Una frase nos martillea la conciencia desde el mismo instante en que nos acercamos al fútbol: "Los árbitros españoles son malos". La afirmación es absurda. Si alguien tratara de convencernos de que todos los periodistas/electricistas/fontaneros españoles son malos, le mandaríamos a paseo o emplearíamos varios ejemplos para que cambiara de idea. En el caso de los árbitros, al parecer, eso no es posible. Todos son malos. Y punto.

Reconozco que durante un tiempo creí que esa afirmación era cierta. Hasta que un día comencé a visitar campos de la Liga BBVA y a instalarme a pie de campo para grabar con un cámara. El cambio de perspectiva (de espectador en casa con cinco repeticiones por jugada o en la grada; a espectador en primera fila, a la altura de los protagonistas) varió mi forma de ver el fútbol y de valorar a los árbitros. Allí abajo todo ocurre a la velocidad del rayo y los árbitros (tiraré de un tópico cierto) deben decidir en décimas de segundo y sin repeticiones lo que ocurre en el campo.

Me impresionó también la nula solidaridad entre los futbolistas durante el partido y el poco respeto hacia la labor arbitral: Todos se tiran, todos exageran, todos insultan, todos presionan. Todos. No se libra ni uno. Una actitud que me provoca rechazo.

Los árbitros no son malos. Alguno habrá, claro, pero la mayoría domina los fundamentos del oficio perfectamente. Los jueces se equivocan. Y se equivocan como tú que lees esto y como yo que trato de plasmar mi idea. El que pretenda disociar el error de la condición humana tiene un problema.

Los árbitros se han convertido en la diana perfecta. Los equipos, fundamentalmente los dos grandes, que tiene manteca, explican a la gente sus fracasos desde los errores de los árbitros; y a los hinchas les cuesta nada enfadarse con el juez y no con el delantero que ha fallado tres ocasiones solo ante el portero o con el central que se equivocó en la jugada del gol rival.
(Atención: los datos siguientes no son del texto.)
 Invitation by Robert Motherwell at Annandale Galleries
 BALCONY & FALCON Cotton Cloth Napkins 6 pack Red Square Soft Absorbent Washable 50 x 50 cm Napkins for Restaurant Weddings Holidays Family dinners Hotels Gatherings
Los fallos tienen pues diferente valor.

Y mientras los equipos se parapetan en los errores ajenos para enmascarar los suyos, son los propios clubes, a través de los organismos que les representan, los que se niegan a reducir el margen de error implantando la tecnología. Curiosa paradoja. Es más fácil vivir culpando a un tercero, que reconocer tus propias miserias, supongo.